Megha Majumdar (born 1987/1988) is an Indian novelist who lives in New York City. Her debut novel, A Burning, was a New York Times best seller, and in 2022 won a Whiting Award.

Early life
Majumdar was born in Kolkata, India. In 2006, she moved to the United States to study social anthropology at Harvard University. She went on to complete her graduate studies at Johns Hopkins University, earning a master's degree in anthropology.

Career
Majumdar's debut novel, A Burning, was released in 2020 and became a New York Times best seller. Ron Charles of The Washington Post wrote Majumdar "demonstrates an uncanny ability to capture the vast scope of a tumultuous society by attending to the hopes and fears of people living on the margins. The effect is transporting, often thrilling, finally harrowing. It’s no wonder this propulsive novel was chosen for the Today Show book club and leaped immediately onto the bestseller list." In TIME, Naina Bajekal described the novel as "a powerful corrective to the political narratives that have dominated in contemporary India." In 2020, Majumdar told The Wall Street Journal, "I hope the questions [I ask in the book] don’t appear contained in India and...that readers here are able to think of contemporary America too." Majumdar's writing style has been compared to that of Jhumpa Lahiri and Yaa Gyasi. 

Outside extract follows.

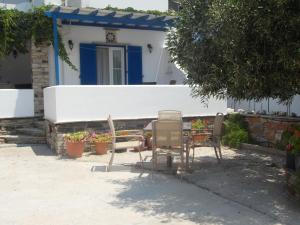 Vrahos Studios Tinos Greece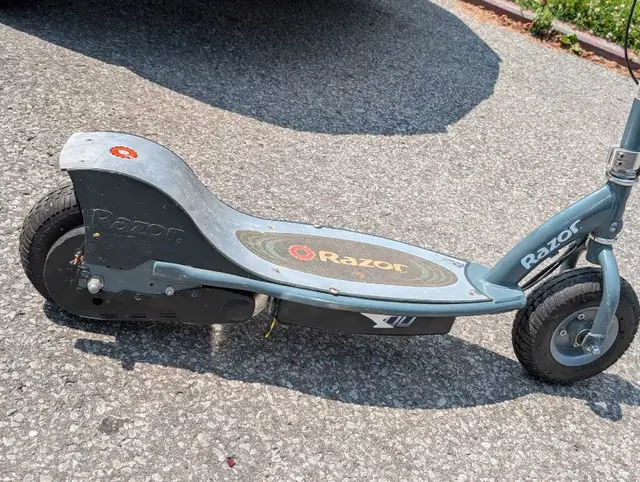 Razor Electric Scooter E300 in Scooters & Pocket Bikes in City of Toronto - Image 4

At the time of her novel's publication, Majumdar worked as an editor at Catapult Books in New York City. In 2021, Majumdar was promoted to Editor-in-Chief of Catapult, and her authors included Matthew Salesses, Randa Jarrar, Ruby Hamad, Sindya Bhanoo and Ye Chun. In May 2022, she left the position to focus on her writing and teaching.

Honors and awards
A Burning was shortlisted for the 2021 Andrew Carnegie Medal for Fiction, and in April 2022 Majumdar won a Whiting Award.

Bibliography 
 A Burning,  New York : Alfred A. Knopf, 2020.

References

External links
Megha Majumdar at Penguin India

Living people
21st-century Indian women writers
21st-century Indian writers
Indian emigrants to the United States
Writers from Kolkata
Writers from New York City
Harvard University alumni
Johns Hopkins University alumni
Year of birth missing (living people)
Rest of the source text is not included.